▸ What to produce
Reproduce the listing in full. Keep every character unchanged.

▸ Data extract

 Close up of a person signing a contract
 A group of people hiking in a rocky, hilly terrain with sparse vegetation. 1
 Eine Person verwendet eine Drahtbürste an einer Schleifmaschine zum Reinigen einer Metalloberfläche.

▸ Solved exercise
 Close up of a person signing a contract
 A group of people hiking in a rocky, hilly terrain with sparse vegetation. 1
 Eine Person verwendet eine Drahtbürste an einer Schleifmaschine zum Reinigen einer Metalloberfläche.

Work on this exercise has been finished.